Googleは「世界中の情報を整理し、世界中の人々がアクセスできて使えるようにする」ことを自社の使命としている。世界中のデータを扱わなければならないGoogleにとって、爆発的に増加するデータをうまく処理する仕組みは必須であり、新しい技術を次々に開発することは、社内エンジニアにとって非常に重要な仕事だ。

グーグル・クラウド・ジャパン Google Cloud パートナービジネスマネージャ 山本圭氏

また、Googleの技術はGoogle自身が活用するだけでなく、エンドユーザーにもオープンなサービスとして提供されている。「Google Cloud Platform」(以下、GCP)は、Google検索やYouTubeなどのサービスと同じ基盤とインフラを利用していることが大きな特徴となっており、コンピューティング、ストレージとデータベース、ビッグデータ、機械学習などのサービスを提供している。2016年11月には東京リージョンが開設され、企業は国内から、より遅延の少ないサービスを活用できるようになった。

一般に、データ分析は気軽に着手できるものではない。ビジネスユーザーは分析だけに集中したいと考えるが、データウェアハウス(DWH)の準備からサーバの調達、構成の冗長化、セキュリティ、スケールアップやダウンに備えたインフラ設計などに至るまで、明確にしなければならないシステム要件は多く、その全ては費用や時間的な負担につながる。

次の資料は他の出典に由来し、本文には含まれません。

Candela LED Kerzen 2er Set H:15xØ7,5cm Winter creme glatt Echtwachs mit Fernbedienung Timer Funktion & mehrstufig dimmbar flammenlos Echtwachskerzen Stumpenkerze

GCPは、こうした課題に対する解の1つとなり得るわけだ。

山本氏は、「GCPのデータ分析関連サービスの基本的な考え方は、ユーザー企業側でSQL文だけ書いてくれれば、その他の管理はGoogleがやるという役割分担です。ビジネスユーザーには、インサイトの獲得に集中してほしい」と述べた。

GCPが提供するビッグデータ解析プラットフォーム「BigQuery」

「実はGoogleにはビッグデータという概念はなく、全てのデータは大小を問わず処理する対象」(山本氏)なのだという。センサーならば温度を感知した時であったり、Webならばアクセスしてログが残った時であったりと、データには必ずどこかで「誕生の瞬間」がある。そして、データ分析のプロセスは「保存」と「分析」を連続的に繰り返すものだ。このプロセスを素早くタイムリーに運用するためのサービスとして、山本氏はGCPで提供されるビッグデータ解析プラットフォーム「BigQuery」を紹介した。

BigQueryは、大規模なアナリティクスのためのDWHをフルマネージド型で提供するサービスであり、データを貯める機能と、貯めたデータを分析する機能を持つ。例えば、3カ月分のコンビニの売上データから製品ごとの売上を集計する処理を実行しようとすると、20億行超のデータを読み、5秒程度で結果を戻してくれる。

スプレッドシートからの入出力でも同様の処理性能を発揮し、スプレッドシートによる定型報告だけではなく、ダッシュボードへの出力もできることを山本氏はデモで示した。料金は1TBの保存に月額20ドル(90日間経過で月額10ドル)と、既存のDWHと比べると安価だ。山本氏は、代表的なユーザーとして、メルカリ、「ホットペッパー」「じゃらん」を運営するリクルートライフスタイル、音楽配信サービスを提供するSpotifyなどの名前を挙げた。